--- Task description ---
For the entries that follow, set down each one exactly and drop any pictures.

--- Record set ---
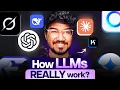 LLM s Architecture Explained in Simple Terms Tamil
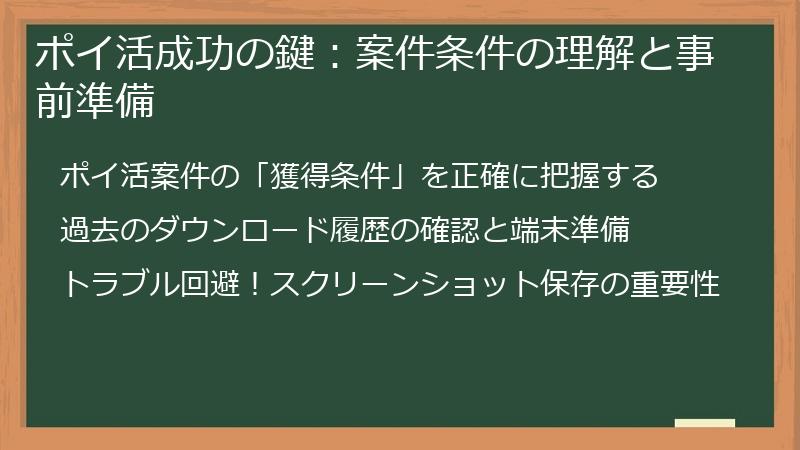 ポイ活成功の鍵：案件条件の理解と事前準備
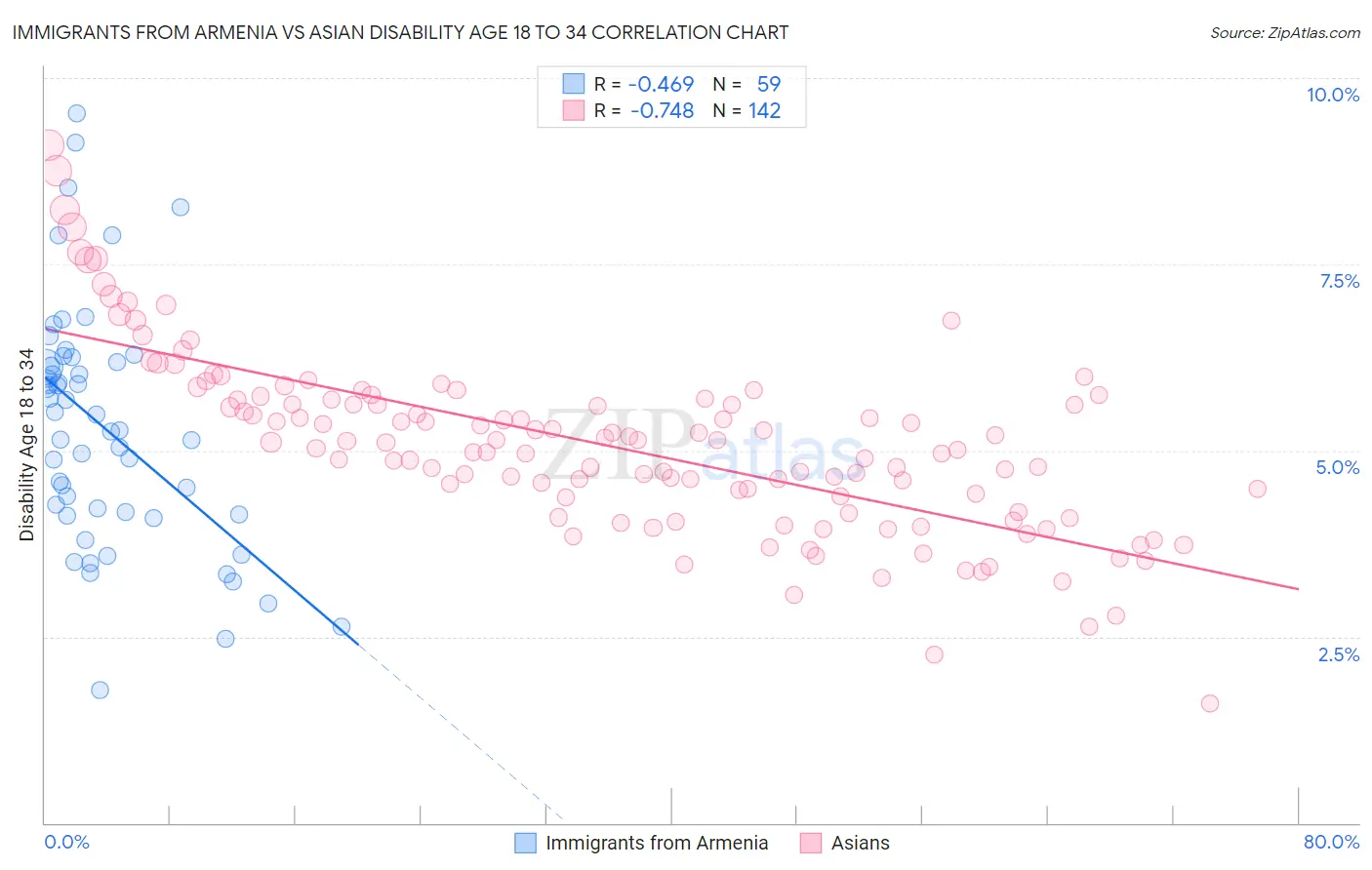 Immigrants from Armenia vs Asian Disability Age 18 to 34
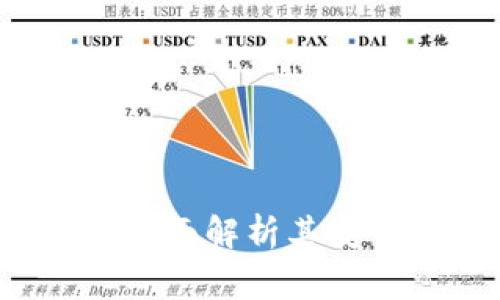 TP身份钱包安全吗?全面解析其安全性与使用注意事项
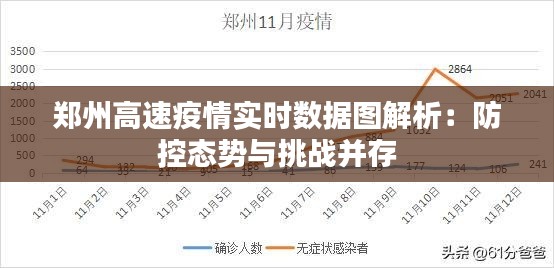 郑州高速疫情实时数据图解析：防控态势与挑战并存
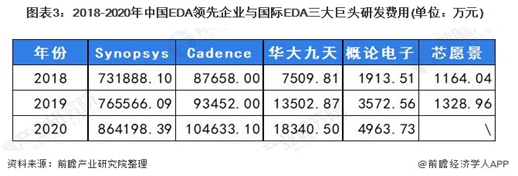 02期丨建立与破局，EDA软件知识产权自主化分析(图5)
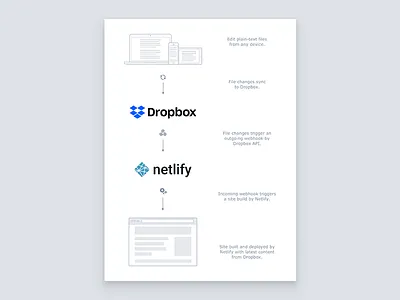 Netlibox web web design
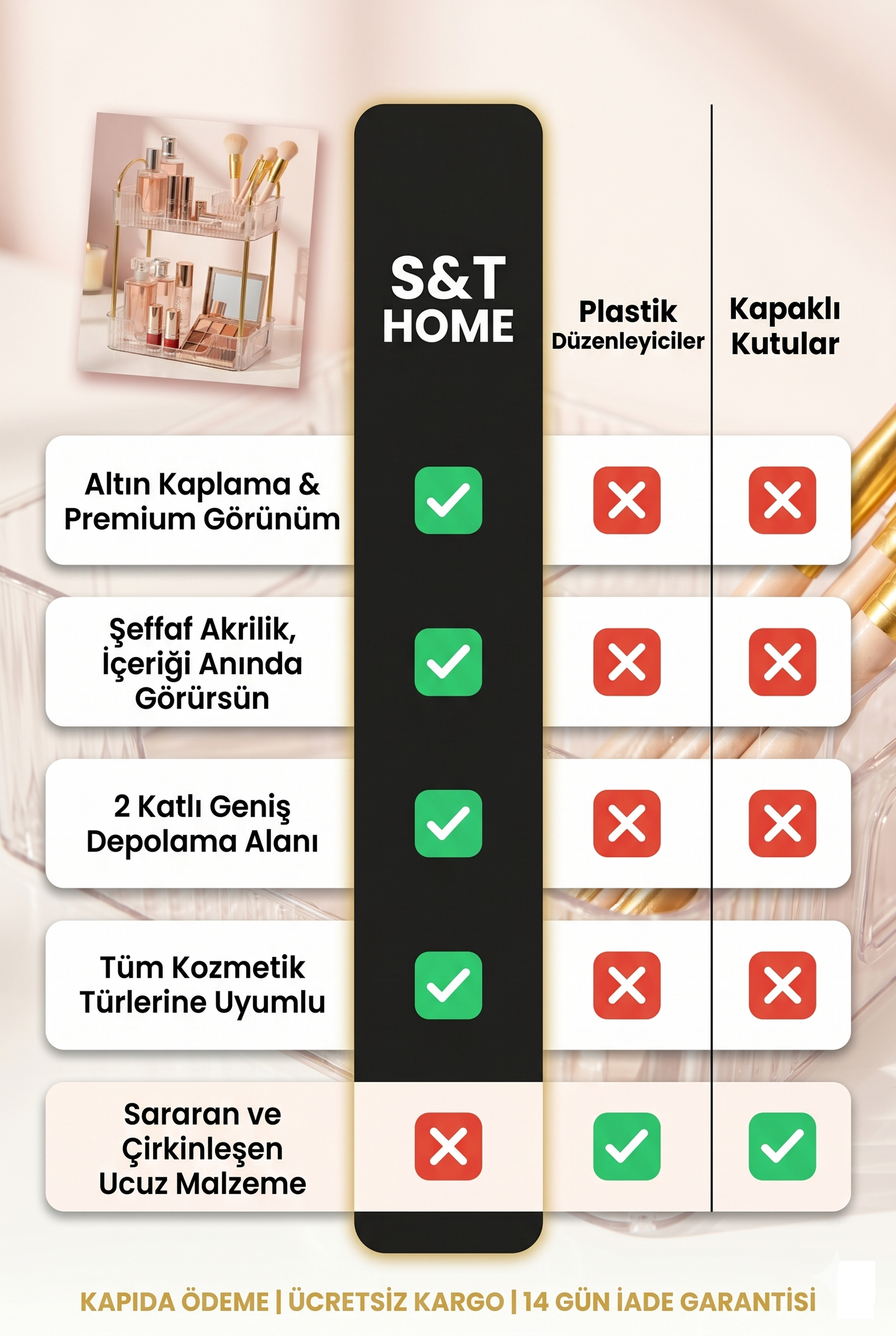 Şeffaf İki Katlı Makyaj ve Kozmetik Düzenleyici Raf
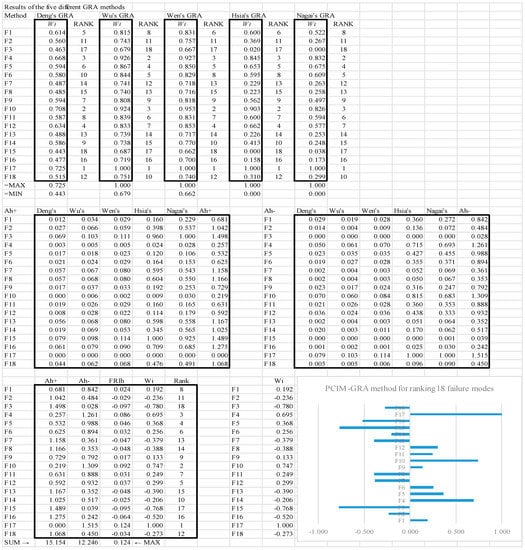 Applsci 13 01263 g0a4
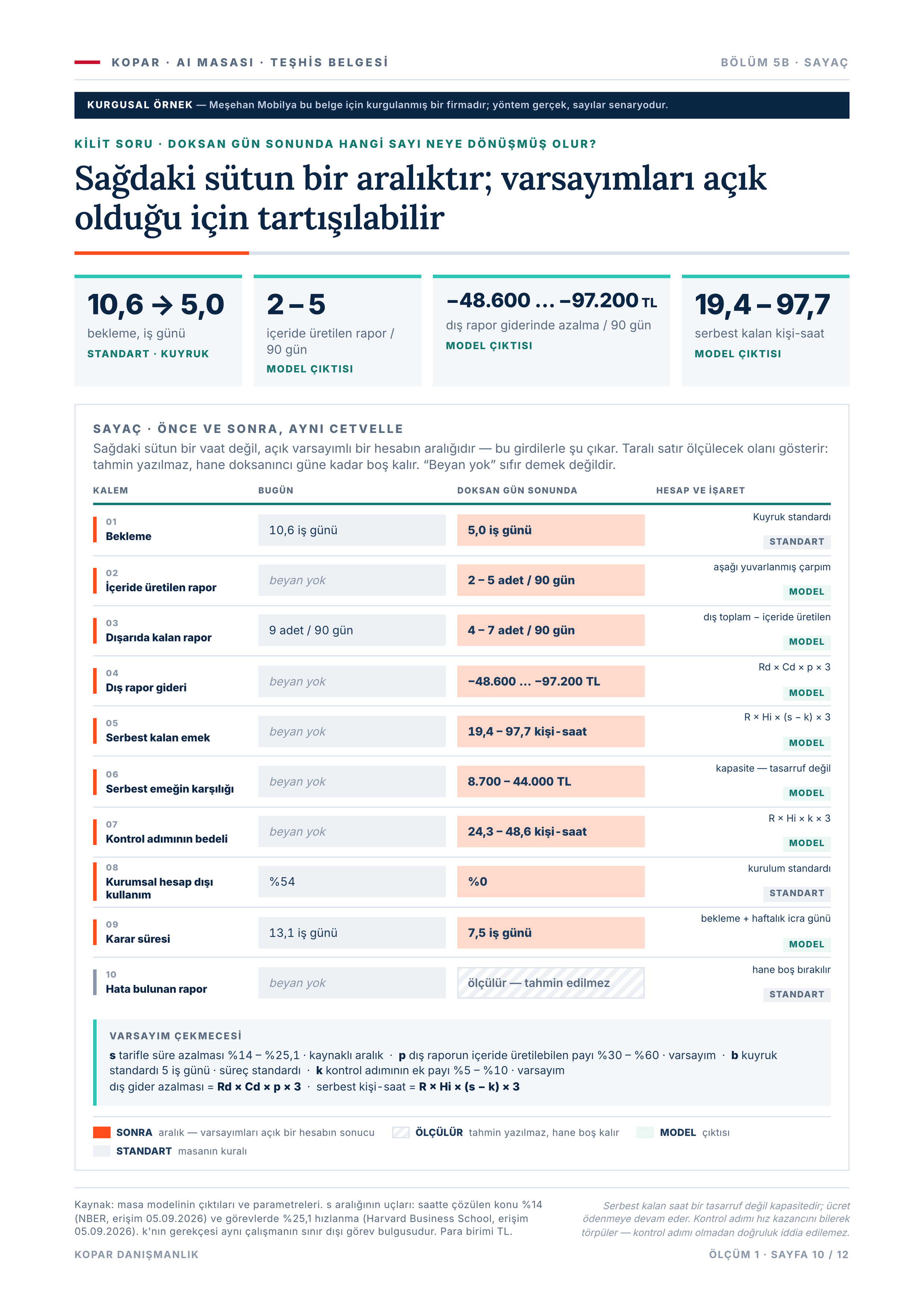 Sayfa 10 — sayaç, önce ve sonra.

--- Task answer ---
 LLM s Architecture Explained in Simple Terms Tamil
 ポイ活成功の鍵：案件条件の理解と事前準備
 Immigrants from Armenia vs Asian Disability Age 18 to 34
 TP身份钱包安全吗?全面解析其安全性与使用注意事项
 郑州高速疫情实时数据图解析：防控态势与挑战并存
 02期丨建立与破局，EDA软件知识产权自主化分析(图5)
 Netlibox web web design
 Şeffaf İki Katlı Makyaj ve Kozmetik Düzenleyici Raf
 Applsci 13 01263 g0a4
 Sayfa 10 — sayaç, önce ve sonra.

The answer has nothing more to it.